Primero de todo, quisiera hacer una recomendación acerca de los relatos de Carver, a parte de pedir que sean obligatorios en las escuelas, bares de fumetas, campos de balompié (por si el partido languidece en catenaccio), etc.: es mejor sorberlos, dar pequeños tragos de Carver. Leer un relato y respirar antes de continuar. Qué sé yo, leer un cuento de Raymond Carver y luego bajar a la calle e ir al súper, hablar con el del colmado, darse una vuelta por el barrio. Porque si uno lee de un tirón los relatos contenidos en libros magistrales como Principiantes, Vidas Cruzadas o Catedral se sufre el riesgo de acabar como uno de los personajes de Carver: alucinado, completamente colapsado, con un estado de ánimo parecido al de un ferroviario en una estación fantasma en la que ningún tren para.
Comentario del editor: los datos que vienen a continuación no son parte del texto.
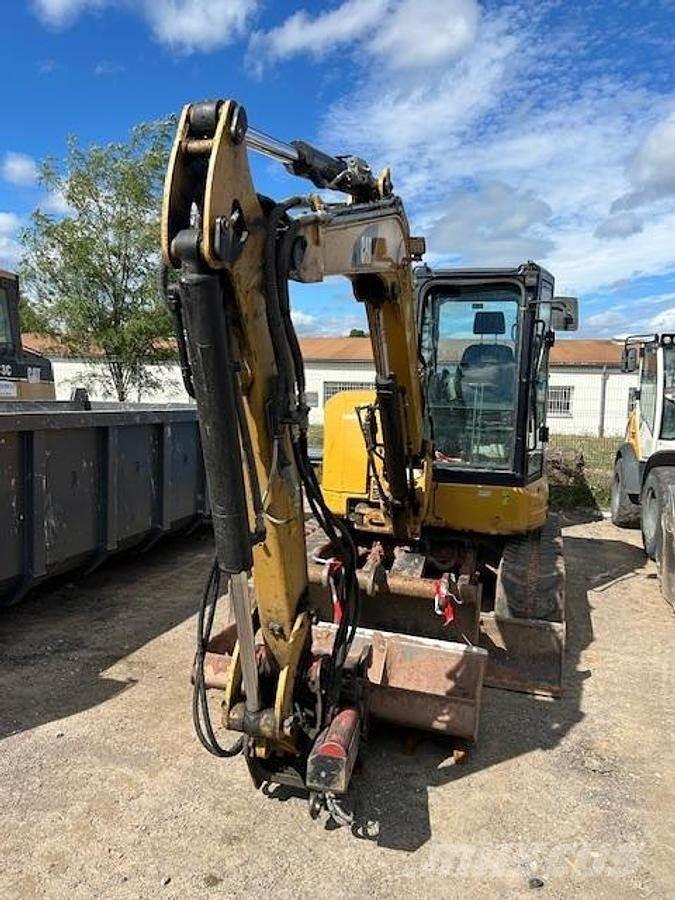 CAT 305.5 E2 Спеціальні екскаватори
Raymond Carver posee una rara virtud. Es cierto que sus relatos tienden a presentar el peor día en el peor mes de la vida de alguien y son, en general, relatos un tanto oscuros, extremos y hasta siniestros. Pero Carver rara vez se mueve de un escenario cotidiano. Cualquier situación que presente a uno le resulta familiar y te dices, “ah, ya sé de qué habla” o “yo esto lo he vivido”. Raymond Carver tiene el don de, a través de personajes grises en escenario normalísimos retratar el lado invisible de la condición humana. La escritora Ana María Moix, en un artículo del país, lo explicaba de este modo, haciendo referencia a los personajes carvianos: “Tienen algo en común: parece que hablen de sí mismos, de lo que han vivido, de lo que les rodea, de las cosas más simples del cotidiano vivir; pero, en realidad, nunca hablan de ellos, sino de nosotros.”
Catedral
Un ciego, antiguo amigo de mi mujer, iba a venir a pasar la noche en casa. Su esposa había muerto. De modo que estaba visitando a los parientes de ella en Connecticut. Llamó a mi mujer desde casa de sus suegros. Se pusieron de acuerdo. Vendría en tren: tras cinco horas de viaje, mi mujer le recibiría en la estación. Ella no le había visto desde hacía diez años, después de un verano que trabajó para él en Seattle. Pero ella y el ciego habían estado en comunicación. Grababan cintas magnetofónicas y se las enviaban. Su visita no me entusiasmaba. Yo no le conocía. Y me inquietaba el hecho de que fuese ciego. La idea que yo tenía de la ceguera me venía de las películas. En el cine, los ciegos se mueven despacio y no sonríen jamás. A veces van guiados por perros. Un ciego en casa no era una cosa que yo esperase con ilusión.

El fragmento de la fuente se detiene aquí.